BRIEF →
Whatever pictures the entries hold, omit them, and output exactly the lines from the one containing "両面バルコニーは、バルコニー" through the final line.

*** Begin section ***

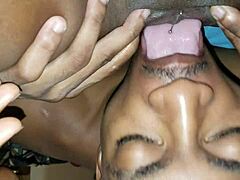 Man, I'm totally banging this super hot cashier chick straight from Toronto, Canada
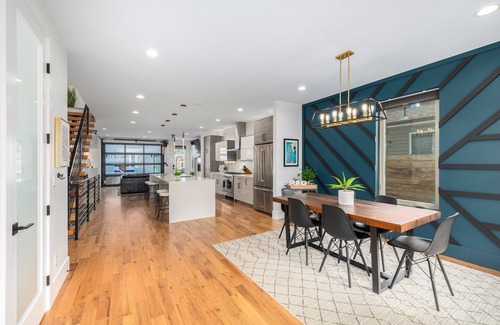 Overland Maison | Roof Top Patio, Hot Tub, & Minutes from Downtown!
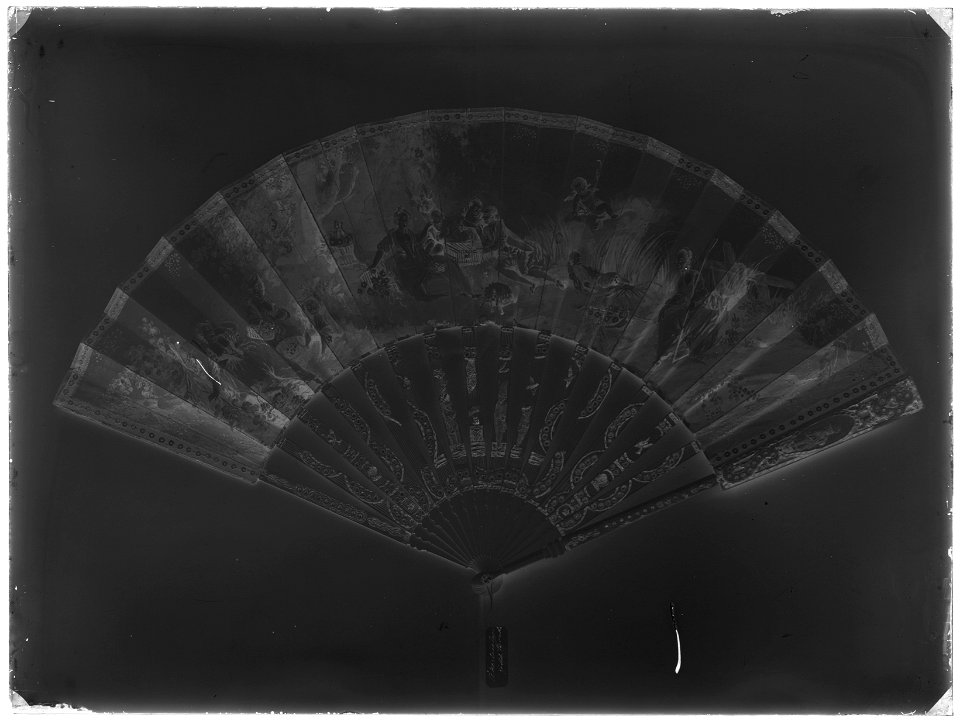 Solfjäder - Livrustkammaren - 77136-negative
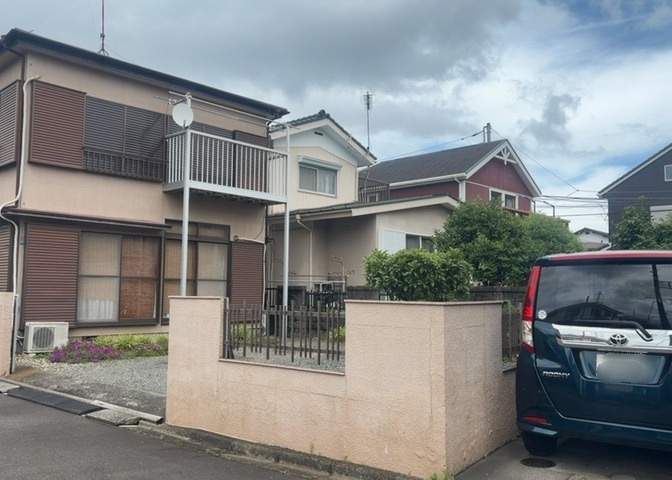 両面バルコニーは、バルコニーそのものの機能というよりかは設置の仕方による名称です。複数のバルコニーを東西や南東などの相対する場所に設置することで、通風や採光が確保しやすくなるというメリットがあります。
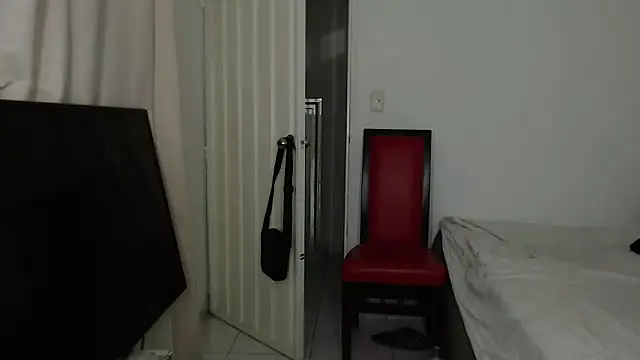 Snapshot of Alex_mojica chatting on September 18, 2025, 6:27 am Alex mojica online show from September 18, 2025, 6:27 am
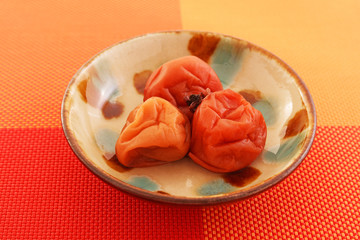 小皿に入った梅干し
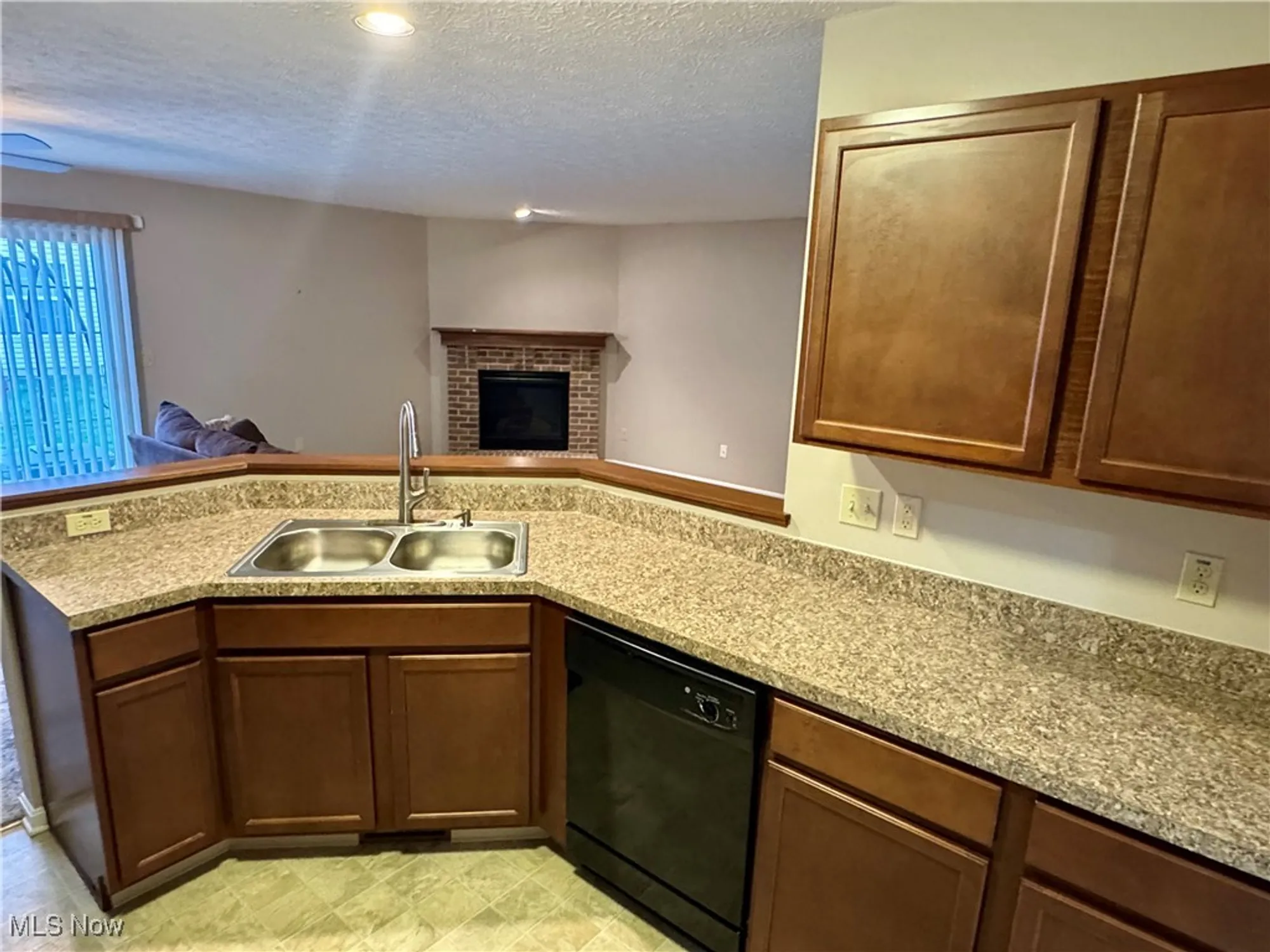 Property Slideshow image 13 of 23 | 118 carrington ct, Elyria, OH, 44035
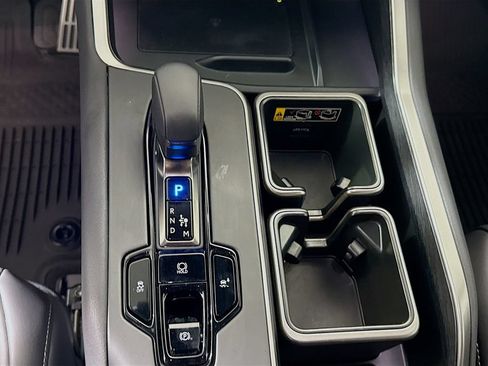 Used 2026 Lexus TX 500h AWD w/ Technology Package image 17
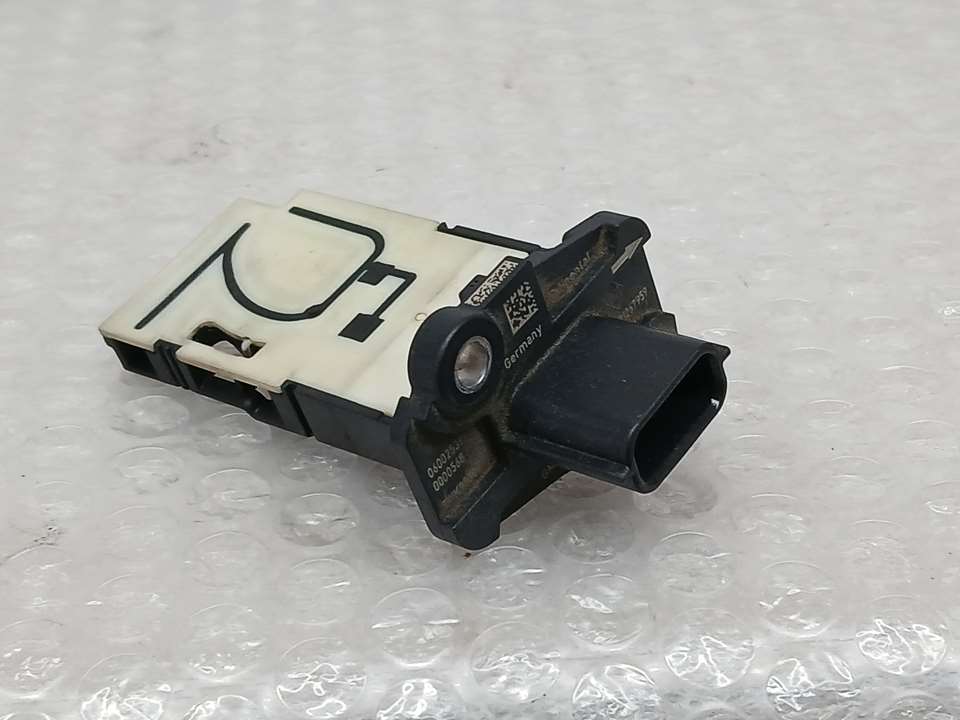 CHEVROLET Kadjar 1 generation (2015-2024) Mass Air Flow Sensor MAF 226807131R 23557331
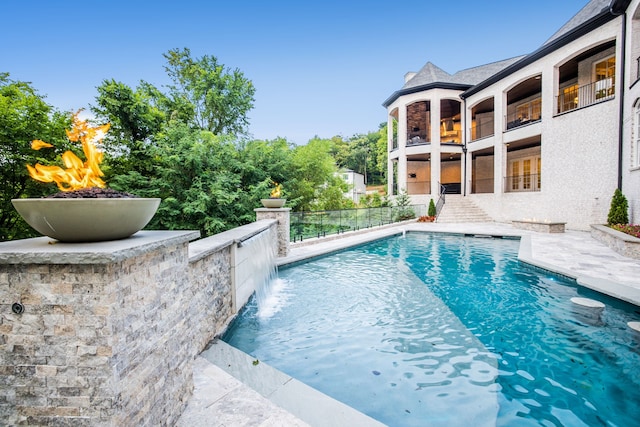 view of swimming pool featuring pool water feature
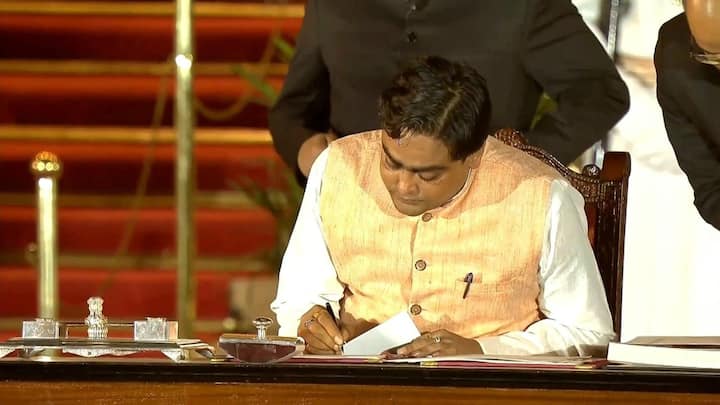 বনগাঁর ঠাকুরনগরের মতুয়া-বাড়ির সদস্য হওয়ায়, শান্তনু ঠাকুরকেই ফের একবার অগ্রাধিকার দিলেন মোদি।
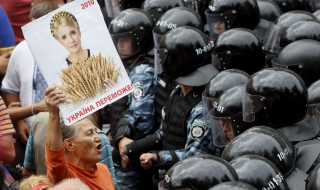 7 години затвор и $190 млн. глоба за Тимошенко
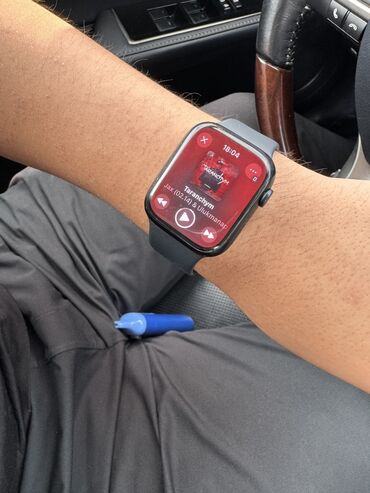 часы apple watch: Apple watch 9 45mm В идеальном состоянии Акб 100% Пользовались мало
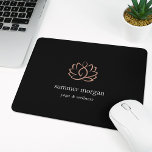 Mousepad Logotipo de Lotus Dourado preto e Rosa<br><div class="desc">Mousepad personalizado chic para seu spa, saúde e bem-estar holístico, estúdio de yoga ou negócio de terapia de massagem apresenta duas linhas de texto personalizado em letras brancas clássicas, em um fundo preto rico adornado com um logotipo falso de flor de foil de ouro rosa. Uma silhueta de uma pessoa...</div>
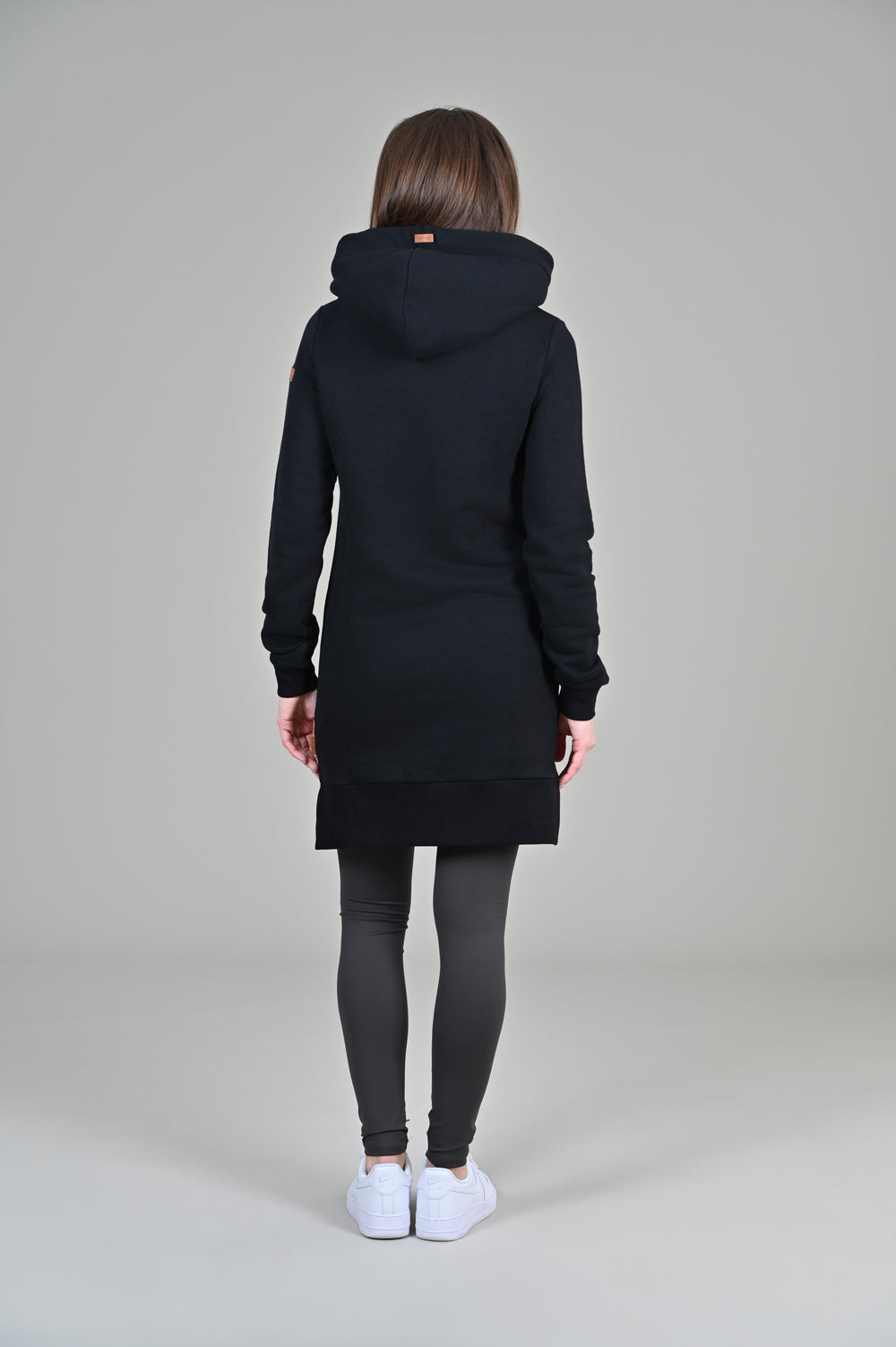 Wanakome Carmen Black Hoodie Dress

*** End section ***

COMPLETED EXERCISE →
 両面バルコニーは、バルコニーそのものの機能というよりかは設置の仕方による名称です。複数のバルコニーを東西や南東などの相対する場所に設置することで、通風や採光が確保しやすくなるというメリットがあります。
 Snapshot of Alex_mojica chatting on September 18, 2025, 6:27 am Alex mojica online show from September 18, 2025, 6:27 am
 小皿に入った梅干し
 Property Slideshow image 13 of 23 | 118 carrington ct, Elyria, OH, 44035
 Used 2026 Lexus TX 500h AWD w/ Technology Package image 17
 CHEVROLET Kadjar 1 generation (2015-2024) Mass Air Flow Sensor MAF 226807131R 23557331
 view of swimming pool featuring pool water feature
 বনগাঁর ঠাকুরনগরের মতুয়া-বাড়ির সদস্য হওয়ায়, শান্তনু ঠাকুরকেই ফের একবার অগ্রাধিকার দিলেন মোদি।
 7 години затвор и $190 млн. глоба за Тимошенко
 часы apple watch: Apple watch 9 45mm В идеальном состоянии Акб 100% Пользовались мало
 Mousepad Logotipo de Lotus Dourado preto e Rosa<br><div class="desc">Mousepad personalizado chic para seu spa, saúde e bem-estar holístico, estúdio de yoga ou negócio de terapia de massagem apresenta duas linhas de texto personalizado em letras brancas clássicas, em um fundo preto rico adornado com um logotipo falso de flor de foil de ouro rosa. Uma silhueta de uma pessoa...</div>
 Wanakome Carmen Black Hoodie Dress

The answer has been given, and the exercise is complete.